The business has already cut 6000 staff across its direct workforce and 1600 across its indirect workforce in the interest of shareholder returns.
Telstra’s restructure were imposed as the company faces the NBN market “headwinds” from its rivals such as Vodafone and Optus while coping with financial difficulties during the pandemic.
While the move will slash thousands of Telstra employees, it is said to do little harm to Chief executive Andy Penn who” is set to take home about $4.5 million and Brady, who will also take home multimillion-dollar salary reports to Channel News.
Brady believed the T22 program would help the telco bolster its bottom line.
“2021 is an inflexion point for the financial performance of our business,” she said.
“Our continued focus on T22 is delivering simpler, better outcomes for our customers and greater productivity, enabling us to increase our cost out targets.”
“Product margin improvement is also imminent and already occurring in mobile,” Brady added.
The telecommunication giant also plans to shed customer service jobs while enhancing the virtual assistant Codi, which customers have slammed as time-wasting for failing to understand even simple requests.
@Telstra your live operator virtual assistant is hopeless.. been trying for half an hour to get through to an actual operator.. please fix it
— Nafe 🌐 (@nafebrown) February 14, 2018
Wow @telstra “Codi” is such a complete and utter waste of my time. New service: throwing SIM in the bin and going elsewhere. Hopeless.
— b1 (@ledbyexample) March 1, 2018
The company admitted that customers prefer human agents to artificial intelligence but said the routing bot had become more sophisticated.
“Our aspiration has been to reduce the number of calls to our call centres by two-thirds by FY22,” Brady said.
“With the acceleration to digital, we are already at this run rate more than a year before the end of the strategy.
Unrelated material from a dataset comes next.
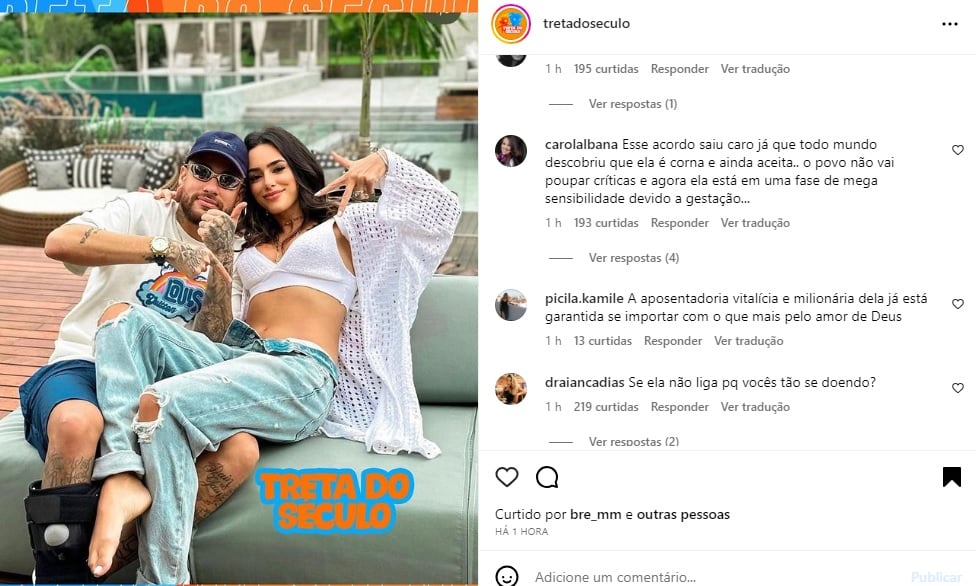 Postagem sobre Neymar e Bruna Biancardi (Foto: Reprodução Instagram)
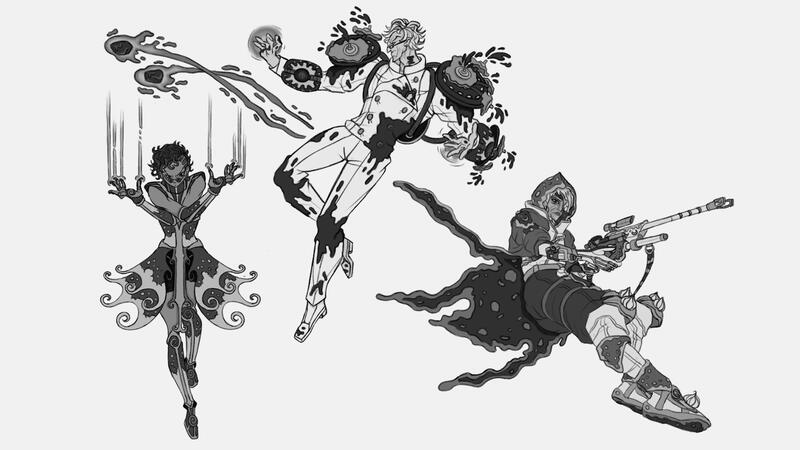 Character Poses Grayscale Value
That means that over time, we will need smaller call centres for these customers, and more will work from home.”
Brady also emphasised Telstra’s “ambitions” to boost growth in earnings before interest, tax, depreciation, and amortisation—the process of gradually writing off the initial cost of an asset—to “mid to high single-digit” in the next financial year, following a drop of 14.2 per cent in the second half of 2020.
“We see clear positive indicators of an improved financial trajectory,” Brady said.
She noted the Telco expected to be on the path to achieving their 2023 financial ambitions.
The announcement came two days after Telstra faced a record fine of more than $1.5 million for not letting consumers transfer their existing mobile numbers to another network.